*** Opening MATERIAL SUPPLIED ***

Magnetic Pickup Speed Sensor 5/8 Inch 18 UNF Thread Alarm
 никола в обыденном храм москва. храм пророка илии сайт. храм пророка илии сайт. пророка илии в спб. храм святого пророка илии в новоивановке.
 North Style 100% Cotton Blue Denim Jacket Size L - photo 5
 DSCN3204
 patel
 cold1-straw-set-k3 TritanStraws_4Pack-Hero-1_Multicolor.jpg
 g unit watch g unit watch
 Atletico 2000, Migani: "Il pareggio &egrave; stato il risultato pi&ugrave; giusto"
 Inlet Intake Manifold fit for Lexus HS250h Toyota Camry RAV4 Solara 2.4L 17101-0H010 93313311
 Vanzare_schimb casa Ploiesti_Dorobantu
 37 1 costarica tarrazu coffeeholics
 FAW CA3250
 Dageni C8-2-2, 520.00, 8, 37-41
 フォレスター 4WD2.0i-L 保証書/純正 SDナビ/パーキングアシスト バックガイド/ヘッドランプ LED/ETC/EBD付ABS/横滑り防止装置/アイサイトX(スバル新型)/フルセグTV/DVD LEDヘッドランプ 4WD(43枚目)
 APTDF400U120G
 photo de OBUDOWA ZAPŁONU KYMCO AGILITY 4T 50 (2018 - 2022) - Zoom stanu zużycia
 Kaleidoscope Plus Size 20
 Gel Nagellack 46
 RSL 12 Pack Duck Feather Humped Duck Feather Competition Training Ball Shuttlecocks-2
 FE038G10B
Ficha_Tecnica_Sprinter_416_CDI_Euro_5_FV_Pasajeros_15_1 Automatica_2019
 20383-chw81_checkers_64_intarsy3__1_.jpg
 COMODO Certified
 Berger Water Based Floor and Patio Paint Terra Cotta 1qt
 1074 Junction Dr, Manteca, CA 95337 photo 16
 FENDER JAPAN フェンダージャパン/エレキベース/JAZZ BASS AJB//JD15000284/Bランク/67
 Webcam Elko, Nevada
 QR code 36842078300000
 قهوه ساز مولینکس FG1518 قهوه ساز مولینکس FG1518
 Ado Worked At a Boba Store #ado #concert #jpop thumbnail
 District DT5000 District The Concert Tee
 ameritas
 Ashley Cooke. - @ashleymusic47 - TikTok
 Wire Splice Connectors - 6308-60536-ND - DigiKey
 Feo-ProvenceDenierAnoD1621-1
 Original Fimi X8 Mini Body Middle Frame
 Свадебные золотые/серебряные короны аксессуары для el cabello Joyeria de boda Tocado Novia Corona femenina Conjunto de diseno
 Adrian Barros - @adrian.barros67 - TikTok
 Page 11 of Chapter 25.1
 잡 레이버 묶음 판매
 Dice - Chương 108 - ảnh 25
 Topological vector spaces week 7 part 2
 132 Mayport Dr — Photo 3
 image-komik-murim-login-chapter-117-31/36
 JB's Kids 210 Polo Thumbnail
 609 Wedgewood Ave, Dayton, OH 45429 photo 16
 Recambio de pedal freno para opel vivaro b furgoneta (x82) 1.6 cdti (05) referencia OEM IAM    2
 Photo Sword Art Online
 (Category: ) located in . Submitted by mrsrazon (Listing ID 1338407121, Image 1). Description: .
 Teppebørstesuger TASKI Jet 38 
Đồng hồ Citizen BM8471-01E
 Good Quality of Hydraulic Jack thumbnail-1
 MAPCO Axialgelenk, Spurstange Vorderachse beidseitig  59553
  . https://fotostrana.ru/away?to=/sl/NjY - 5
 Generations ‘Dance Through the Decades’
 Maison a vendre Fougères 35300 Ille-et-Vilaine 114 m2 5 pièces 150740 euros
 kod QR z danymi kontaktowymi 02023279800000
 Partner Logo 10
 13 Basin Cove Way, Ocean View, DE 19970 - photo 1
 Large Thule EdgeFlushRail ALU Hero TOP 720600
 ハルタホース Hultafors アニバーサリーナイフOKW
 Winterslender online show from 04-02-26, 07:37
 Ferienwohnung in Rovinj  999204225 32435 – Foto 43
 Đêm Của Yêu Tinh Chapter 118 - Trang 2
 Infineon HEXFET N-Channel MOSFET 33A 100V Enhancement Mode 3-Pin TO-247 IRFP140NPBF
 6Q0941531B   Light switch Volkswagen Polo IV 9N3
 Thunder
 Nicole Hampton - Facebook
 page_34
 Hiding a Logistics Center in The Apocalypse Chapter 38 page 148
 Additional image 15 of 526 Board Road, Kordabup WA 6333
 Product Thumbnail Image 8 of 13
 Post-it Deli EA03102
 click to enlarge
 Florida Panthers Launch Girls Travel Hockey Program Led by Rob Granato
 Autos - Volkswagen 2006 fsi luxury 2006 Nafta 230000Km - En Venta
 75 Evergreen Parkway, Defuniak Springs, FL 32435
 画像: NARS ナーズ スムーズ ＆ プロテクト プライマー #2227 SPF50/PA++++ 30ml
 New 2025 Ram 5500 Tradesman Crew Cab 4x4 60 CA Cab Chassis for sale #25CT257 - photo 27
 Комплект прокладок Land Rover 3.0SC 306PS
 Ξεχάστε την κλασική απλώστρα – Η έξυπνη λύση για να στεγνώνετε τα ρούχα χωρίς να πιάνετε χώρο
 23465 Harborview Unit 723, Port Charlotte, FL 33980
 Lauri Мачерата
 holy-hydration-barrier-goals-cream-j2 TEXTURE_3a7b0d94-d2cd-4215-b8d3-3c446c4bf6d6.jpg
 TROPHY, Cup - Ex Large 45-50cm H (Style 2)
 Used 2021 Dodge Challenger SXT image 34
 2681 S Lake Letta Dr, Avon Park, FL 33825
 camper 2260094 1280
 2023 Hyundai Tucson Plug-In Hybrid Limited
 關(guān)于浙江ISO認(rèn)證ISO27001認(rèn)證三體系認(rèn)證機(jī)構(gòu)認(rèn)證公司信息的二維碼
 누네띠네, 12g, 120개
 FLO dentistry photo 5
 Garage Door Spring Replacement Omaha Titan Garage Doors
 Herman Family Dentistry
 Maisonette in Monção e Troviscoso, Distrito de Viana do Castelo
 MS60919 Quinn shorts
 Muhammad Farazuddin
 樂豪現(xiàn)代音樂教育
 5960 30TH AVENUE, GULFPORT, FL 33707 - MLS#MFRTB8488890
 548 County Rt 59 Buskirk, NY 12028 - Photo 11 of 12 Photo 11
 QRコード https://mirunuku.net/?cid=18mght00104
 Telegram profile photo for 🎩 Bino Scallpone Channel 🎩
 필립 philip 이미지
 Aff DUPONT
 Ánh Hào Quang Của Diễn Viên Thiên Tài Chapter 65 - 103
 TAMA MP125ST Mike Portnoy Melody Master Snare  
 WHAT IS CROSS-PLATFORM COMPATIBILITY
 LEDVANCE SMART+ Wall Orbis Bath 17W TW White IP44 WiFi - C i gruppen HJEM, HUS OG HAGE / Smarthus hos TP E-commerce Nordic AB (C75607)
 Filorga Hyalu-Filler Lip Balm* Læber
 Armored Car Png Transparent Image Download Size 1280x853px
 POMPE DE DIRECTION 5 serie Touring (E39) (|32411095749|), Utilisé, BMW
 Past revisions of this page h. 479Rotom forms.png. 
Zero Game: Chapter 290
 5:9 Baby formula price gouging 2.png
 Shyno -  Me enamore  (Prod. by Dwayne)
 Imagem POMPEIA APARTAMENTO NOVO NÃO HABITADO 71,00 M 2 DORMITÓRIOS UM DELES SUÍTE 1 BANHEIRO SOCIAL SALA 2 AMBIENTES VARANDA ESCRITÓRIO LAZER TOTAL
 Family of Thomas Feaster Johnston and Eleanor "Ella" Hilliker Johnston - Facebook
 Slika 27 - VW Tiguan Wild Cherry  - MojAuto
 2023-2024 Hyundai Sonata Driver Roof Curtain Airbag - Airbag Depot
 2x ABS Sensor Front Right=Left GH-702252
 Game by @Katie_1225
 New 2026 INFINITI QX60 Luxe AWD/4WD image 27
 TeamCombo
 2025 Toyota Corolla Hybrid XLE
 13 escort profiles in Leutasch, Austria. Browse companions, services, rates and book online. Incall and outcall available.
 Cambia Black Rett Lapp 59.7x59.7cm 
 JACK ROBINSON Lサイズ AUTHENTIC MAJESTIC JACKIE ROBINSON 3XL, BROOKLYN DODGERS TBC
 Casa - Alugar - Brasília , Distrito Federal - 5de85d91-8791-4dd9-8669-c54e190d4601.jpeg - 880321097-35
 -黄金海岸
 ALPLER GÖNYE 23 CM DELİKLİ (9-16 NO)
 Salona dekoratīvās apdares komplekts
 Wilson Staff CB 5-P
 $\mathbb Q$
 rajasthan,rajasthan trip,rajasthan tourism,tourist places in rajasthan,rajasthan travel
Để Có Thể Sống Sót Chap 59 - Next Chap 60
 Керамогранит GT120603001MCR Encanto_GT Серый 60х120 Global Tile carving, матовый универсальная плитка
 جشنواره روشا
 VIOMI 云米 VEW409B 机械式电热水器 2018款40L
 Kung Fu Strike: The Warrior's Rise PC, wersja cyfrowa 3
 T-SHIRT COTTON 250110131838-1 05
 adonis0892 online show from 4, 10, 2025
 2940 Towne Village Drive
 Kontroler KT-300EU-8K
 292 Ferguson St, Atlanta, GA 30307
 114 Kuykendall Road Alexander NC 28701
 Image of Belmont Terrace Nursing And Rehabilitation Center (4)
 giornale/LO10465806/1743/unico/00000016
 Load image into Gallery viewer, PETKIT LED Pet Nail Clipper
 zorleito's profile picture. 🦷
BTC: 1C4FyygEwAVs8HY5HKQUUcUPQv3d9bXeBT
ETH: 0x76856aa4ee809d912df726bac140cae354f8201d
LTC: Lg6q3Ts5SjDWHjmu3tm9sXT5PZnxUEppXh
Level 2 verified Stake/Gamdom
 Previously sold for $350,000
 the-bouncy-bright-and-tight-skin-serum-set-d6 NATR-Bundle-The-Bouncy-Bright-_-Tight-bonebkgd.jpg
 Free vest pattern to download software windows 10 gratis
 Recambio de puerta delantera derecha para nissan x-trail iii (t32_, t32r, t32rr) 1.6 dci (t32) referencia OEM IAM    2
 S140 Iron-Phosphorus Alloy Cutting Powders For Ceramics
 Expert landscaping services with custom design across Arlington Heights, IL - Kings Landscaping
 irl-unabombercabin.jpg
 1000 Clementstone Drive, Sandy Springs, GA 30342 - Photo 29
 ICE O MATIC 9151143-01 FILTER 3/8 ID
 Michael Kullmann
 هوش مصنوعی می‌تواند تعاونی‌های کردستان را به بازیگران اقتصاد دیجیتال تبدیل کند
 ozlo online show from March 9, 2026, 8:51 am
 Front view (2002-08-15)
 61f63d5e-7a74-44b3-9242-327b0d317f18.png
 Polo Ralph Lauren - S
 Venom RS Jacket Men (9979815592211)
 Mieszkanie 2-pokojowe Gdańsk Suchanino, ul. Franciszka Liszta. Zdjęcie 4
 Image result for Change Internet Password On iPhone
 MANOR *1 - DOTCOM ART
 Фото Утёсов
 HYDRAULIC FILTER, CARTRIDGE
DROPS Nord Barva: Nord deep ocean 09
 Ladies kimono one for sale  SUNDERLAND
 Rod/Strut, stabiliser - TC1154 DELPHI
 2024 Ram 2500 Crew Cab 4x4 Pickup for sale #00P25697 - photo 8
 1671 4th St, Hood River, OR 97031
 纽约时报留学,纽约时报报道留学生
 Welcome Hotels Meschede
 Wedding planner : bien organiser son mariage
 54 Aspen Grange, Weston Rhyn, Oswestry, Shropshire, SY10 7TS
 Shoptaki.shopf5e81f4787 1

*** Closing MATERIAL SUPPLIED ***

TASK GOAL:
Lines containing the string "Crew" are the ones to copy from the entries above.

YOUR RESPONSE:
 New 2025 Ram 5500 Tradesman Crew Cab 4x4 60 CA Cab Chassis for sale #25CT257 - photo 27
 2024 Ram 2500 Crew Cab 4x4 Pickup for sale #00P25697 - photo 8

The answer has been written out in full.